The word “average” is key there: If the R is 2, that could mean that out of 100 people, every single one passes it on to two people; or it could mean that 99 people pass it on to nobody, and one person gives it to 200 people (or anything in between).
It’s recently become clear that Covid-19 is more like the latter of those two examples. Most people don’t pass it on at all, but every so often, one person will happen to give it to dozens or hundreds. And that means that the behaviour of the disease can look very different, as the LSHTM epidemiological modeller Adam Kucharski explains in this Twitter thread. It could be that the disease lies apparently quiescent for a long period, as most people fail to pass it on, and then when we think we’ve got it under control it explodes up again. It may be that the reason we haven’t seen more resurgence in Italy or Spain is simply that they’ve been lucky so far.
(Equally, it may be that the superspreader events are largely prevented by the sort of lockdown measures that remain in place, says Javid — things like keeping bars, sporting events and churches closed.)
My third possible explanation is that there’s something strange going on with immunity, so some people are differentially immune to the disease even before they get it. The serology data coming back has found that even countries that have had terrible outbreaks — like Spain and the UK — have only had about 5% of the population infected. If there’s some reason why a non-negligible percentage of the population were already entirely or partially immune, then that could be keeping the second wave somewhat suppressed.
That third option is extremely tempting to believe, and it’s not insane — Oxford’s Sunetra Gupta believes it, and all of the scientists I spoke to thought it was plausible, but that as yet there’s not much good evidence for it. They also all said that a combination of all three factors was possible. “I’ve read evidence pointing to all three of those,” said Lewis. “I saw something suggesting herd immunity had been reached in London because not everyone exposed would get the virus, which would explain why virus numbers have gone right down despite people using public transport.” It’s worth adding that, pace the neuroscientist Karl Friston, Javid said it seems very unlikely that this background immunity theory explains the difference between the UK and Germany.
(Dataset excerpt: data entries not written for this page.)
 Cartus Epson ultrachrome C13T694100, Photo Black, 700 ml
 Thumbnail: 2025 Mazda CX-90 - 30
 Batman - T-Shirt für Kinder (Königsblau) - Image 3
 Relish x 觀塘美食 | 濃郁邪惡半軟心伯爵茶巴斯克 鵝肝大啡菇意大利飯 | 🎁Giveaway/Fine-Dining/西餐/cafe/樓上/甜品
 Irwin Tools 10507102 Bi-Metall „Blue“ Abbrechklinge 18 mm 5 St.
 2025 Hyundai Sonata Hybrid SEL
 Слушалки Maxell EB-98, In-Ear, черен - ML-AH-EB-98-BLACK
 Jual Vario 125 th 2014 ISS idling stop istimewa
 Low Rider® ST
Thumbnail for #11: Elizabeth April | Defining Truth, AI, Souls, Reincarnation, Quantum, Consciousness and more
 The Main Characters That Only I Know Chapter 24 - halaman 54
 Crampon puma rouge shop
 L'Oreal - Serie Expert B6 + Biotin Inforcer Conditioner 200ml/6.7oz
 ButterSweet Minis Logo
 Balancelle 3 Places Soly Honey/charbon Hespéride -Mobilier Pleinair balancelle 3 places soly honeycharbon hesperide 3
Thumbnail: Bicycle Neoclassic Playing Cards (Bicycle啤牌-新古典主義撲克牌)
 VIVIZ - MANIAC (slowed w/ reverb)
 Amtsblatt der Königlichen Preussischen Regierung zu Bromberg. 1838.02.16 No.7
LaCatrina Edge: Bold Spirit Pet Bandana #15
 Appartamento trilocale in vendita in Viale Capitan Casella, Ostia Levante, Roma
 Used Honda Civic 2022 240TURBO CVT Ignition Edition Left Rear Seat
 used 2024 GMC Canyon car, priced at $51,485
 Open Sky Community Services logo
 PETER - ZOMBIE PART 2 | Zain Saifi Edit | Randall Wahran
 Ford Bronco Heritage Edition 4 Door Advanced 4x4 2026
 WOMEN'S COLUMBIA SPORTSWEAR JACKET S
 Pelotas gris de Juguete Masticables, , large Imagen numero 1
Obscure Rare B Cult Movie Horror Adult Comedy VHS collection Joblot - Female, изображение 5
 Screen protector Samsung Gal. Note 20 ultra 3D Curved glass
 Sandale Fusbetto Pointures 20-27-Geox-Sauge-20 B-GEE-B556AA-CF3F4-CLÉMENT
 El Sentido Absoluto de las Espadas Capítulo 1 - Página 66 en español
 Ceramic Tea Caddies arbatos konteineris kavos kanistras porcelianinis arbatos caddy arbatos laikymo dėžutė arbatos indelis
It has a dark side, though: one more expert, who also wanted to remain off the record — it’s all very cloak-and-dagger, this epidemiology stuff — pointed out that there have been very different levels of infection in, say, London and the south-west. Something like one in six Londoners have had it, compared to one in 20 elsewhere in the country.
He thinks that as measures are relaxed, the danger is that we see London do relatively well — acquired immunity, on top of whatever this mysterious background immunity is, meaning that the disease finds it hard to spread — while places like the south-west see sudden upsurges, because the population is still mainly susceptible. If he’s right, and he said it was his ‘prediction’, then major second waves could be triggered. It’s worth remembering that the second wave of the Spanish flu killed more people than the first — but it’s also worth remembering that public health policies were very different back then.
I started by saying that in science, you hold all your variables constant except one: keep the lid on your styrofoam cup and your china cup. That’s true, and if we were doing pure science — if we only cared about finding out what lockdown measures worked and which didn’t — then it would be simple: introduce measures one at a time, wait and see, do it slowly.
But we’re not doing pure science. We’re also trying to make a country that works for its citizens, in conditions that change daily. “We’re trying to build a plane as we fly it,” my US epidemiologist told me. The most important thing, according to Javid, will be “nimbleness; being able to change policy in the light of new evidence”. If it turns out opening schools was wrong, then close them again. And we in the media need to be wary of shouting about mistakes and U-turns and instead say: when the facts change, you change your mind.